СюжетыКультура

Ах, братцы! Как я был доволен!

«Евгений Онегин» Римаса Туминаса в Театре Вахтангова

Этот материал вышел в номере № 17 от 15 февраля 2013
Читать
«Евгений Онегин» Римаса Туминаса в Театре Вахтангова
Изображение

Пространство сцены затягивает не сразу, исподволь: как зимний пейзаж средней полосы. Темно. Задник — огромное зеркало, в котором отражаются белые закулисные фасады. Снег идет. Балетный станок вдоль задника отражается в черной зеркальной воде парапетом: набережная Невы, а уж на том берегу — поле у Черной речки. Онегин — Сергей Маковецкий — сидит в потрепанном усадебном кресле (старозаветным корытцем, красного дерева).

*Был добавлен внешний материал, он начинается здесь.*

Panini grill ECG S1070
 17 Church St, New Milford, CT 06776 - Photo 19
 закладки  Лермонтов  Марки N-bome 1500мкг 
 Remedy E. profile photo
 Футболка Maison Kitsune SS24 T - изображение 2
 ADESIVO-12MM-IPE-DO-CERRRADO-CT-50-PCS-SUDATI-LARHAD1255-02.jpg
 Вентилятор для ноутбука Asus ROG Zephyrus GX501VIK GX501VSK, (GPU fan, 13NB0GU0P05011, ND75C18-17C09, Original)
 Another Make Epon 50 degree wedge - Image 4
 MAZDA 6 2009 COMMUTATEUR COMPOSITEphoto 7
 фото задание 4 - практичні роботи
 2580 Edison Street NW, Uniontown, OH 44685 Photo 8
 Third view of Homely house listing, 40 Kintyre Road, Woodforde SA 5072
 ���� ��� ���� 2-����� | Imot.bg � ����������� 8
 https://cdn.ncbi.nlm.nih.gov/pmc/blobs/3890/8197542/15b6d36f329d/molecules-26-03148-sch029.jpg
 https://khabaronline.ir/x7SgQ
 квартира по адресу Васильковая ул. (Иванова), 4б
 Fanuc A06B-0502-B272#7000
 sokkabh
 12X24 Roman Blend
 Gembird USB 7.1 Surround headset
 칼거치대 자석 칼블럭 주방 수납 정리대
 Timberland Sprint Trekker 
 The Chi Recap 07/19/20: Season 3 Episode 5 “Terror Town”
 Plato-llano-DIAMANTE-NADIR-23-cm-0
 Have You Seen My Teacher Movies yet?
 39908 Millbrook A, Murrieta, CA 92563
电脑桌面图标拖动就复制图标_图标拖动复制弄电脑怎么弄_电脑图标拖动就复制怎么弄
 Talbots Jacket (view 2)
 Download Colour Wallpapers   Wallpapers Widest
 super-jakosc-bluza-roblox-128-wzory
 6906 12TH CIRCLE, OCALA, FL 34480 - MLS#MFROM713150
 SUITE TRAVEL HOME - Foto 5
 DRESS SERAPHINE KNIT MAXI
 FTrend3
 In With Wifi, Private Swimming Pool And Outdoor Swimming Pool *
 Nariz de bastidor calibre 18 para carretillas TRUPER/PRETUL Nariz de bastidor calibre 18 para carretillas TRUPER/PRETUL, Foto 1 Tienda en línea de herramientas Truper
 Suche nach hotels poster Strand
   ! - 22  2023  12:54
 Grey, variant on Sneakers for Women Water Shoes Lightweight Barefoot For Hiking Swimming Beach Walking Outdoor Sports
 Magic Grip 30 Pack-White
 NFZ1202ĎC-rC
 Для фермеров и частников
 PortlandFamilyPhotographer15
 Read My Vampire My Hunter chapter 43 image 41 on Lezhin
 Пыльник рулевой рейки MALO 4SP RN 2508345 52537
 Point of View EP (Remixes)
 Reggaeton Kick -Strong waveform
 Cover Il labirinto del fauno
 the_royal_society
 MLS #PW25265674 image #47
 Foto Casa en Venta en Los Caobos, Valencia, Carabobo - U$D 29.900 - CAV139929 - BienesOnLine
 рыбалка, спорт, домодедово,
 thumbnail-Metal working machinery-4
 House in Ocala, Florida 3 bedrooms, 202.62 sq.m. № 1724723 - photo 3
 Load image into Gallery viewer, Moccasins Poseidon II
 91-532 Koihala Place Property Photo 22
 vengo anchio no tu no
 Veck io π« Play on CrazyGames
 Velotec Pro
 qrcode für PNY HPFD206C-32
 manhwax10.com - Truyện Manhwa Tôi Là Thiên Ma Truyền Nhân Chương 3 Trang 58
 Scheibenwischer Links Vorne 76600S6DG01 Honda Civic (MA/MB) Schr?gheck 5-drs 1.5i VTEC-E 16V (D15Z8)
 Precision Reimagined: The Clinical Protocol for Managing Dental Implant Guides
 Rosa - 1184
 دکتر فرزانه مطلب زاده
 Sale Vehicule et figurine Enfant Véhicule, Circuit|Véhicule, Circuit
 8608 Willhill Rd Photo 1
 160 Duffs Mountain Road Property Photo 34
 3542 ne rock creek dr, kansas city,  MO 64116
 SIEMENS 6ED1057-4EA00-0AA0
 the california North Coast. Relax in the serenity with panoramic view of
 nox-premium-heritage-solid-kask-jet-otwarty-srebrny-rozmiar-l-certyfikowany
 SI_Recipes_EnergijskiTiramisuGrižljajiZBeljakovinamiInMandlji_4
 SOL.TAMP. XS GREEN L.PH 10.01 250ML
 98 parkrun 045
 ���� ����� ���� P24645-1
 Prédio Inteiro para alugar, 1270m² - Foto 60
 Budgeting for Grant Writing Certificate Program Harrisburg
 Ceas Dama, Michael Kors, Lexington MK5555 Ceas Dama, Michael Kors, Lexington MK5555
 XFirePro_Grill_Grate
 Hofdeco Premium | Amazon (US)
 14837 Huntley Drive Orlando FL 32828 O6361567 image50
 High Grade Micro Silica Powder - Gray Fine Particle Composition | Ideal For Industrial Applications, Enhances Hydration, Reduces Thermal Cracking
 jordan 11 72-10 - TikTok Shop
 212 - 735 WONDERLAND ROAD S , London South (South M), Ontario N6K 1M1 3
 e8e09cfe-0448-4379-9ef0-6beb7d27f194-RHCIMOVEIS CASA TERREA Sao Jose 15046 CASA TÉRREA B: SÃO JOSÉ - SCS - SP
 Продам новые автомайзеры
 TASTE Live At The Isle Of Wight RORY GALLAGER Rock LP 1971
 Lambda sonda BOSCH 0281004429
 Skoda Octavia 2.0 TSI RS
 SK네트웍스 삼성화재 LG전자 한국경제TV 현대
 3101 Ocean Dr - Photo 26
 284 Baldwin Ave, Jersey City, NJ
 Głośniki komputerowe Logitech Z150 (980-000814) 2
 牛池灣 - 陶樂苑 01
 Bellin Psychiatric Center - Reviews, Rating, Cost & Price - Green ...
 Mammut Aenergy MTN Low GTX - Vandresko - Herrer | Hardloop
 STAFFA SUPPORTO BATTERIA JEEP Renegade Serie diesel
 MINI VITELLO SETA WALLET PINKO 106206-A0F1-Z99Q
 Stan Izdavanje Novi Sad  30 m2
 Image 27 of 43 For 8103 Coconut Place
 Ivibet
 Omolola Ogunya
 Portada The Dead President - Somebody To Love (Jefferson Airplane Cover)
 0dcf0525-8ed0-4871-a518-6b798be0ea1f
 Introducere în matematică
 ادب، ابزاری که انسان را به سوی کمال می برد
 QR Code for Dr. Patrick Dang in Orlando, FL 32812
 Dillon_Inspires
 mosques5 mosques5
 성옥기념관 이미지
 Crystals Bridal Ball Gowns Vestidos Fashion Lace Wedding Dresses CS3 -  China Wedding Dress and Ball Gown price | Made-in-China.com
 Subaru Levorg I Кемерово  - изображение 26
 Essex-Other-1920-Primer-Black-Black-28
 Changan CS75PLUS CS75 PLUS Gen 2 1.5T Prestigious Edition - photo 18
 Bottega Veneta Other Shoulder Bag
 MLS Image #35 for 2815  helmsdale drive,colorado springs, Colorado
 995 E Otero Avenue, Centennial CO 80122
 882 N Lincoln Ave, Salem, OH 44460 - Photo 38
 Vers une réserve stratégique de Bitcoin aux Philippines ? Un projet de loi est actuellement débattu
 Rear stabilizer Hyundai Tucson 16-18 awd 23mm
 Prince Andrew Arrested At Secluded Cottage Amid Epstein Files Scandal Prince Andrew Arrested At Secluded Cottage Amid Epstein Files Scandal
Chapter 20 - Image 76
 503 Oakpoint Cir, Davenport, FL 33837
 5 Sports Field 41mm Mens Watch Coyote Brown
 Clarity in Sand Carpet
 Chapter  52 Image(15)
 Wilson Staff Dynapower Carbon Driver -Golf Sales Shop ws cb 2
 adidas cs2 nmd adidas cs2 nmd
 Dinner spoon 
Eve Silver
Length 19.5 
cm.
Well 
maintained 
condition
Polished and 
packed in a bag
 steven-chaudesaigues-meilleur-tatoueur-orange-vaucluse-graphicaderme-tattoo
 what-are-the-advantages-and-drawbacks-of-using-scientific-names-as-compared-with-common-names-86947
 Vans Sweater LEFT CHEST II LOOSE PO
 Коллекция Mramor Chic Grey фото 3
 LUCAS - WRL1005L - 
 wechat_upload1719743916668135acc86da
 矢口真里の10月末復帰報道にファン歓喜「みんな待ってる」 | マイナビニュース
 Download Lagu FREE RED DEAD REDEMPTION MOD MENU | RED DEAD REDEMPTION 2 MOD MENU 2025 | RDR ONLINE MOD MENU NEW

И музыка. «Старинная французская песенка» Чайковского идет эпиграфом. Гневная, смятенная, скрипичная и электронная партитура Фаустаса Латенаса к спектаклю повторяет и множит ее мотив, усложняет лихим опытом «послепушкинских» времен.

Но в основе мелодии — тот же старый фортепьянный бисер, на котором все мы росли. И есть особая прелесть в том, что весь зал знает текст наизусть. Ну хоть по идее. Няня (и Танцмейстер!) — Людмила Максакова. «Сон Татьяны» читает Юлия Борисова.

«Онегина» Туминаса и сценографа Адомаса Яцовскиса надо бы пересказывать по мизансценам. Летят по саду Ольга и Ленский (Мария Волкова и Василий Симонов) — высокие, кудрявые, сияющие юностью, окутанные песенкой «В лунном сиянии снег серебрится…». У Ольги на груди всегда висит детский аккордеон: в сцене бала у Лариных Онегин будет перебирать его лады… И каким воплем прозвучит эта «Троечка» в последний раз, когда Ольга пойдет под венец с уланом. Вот «Татьяны именины»: смешные, круглощекие, в белых валенках под платьями фасона «директория» — девицы начинают петь цыганщину, романсы, дуэты из «Пиковой дамы», «Хас-Булата». А долговязый юноша-сосед вылетает с соло, в котором «русская» переходит в балет.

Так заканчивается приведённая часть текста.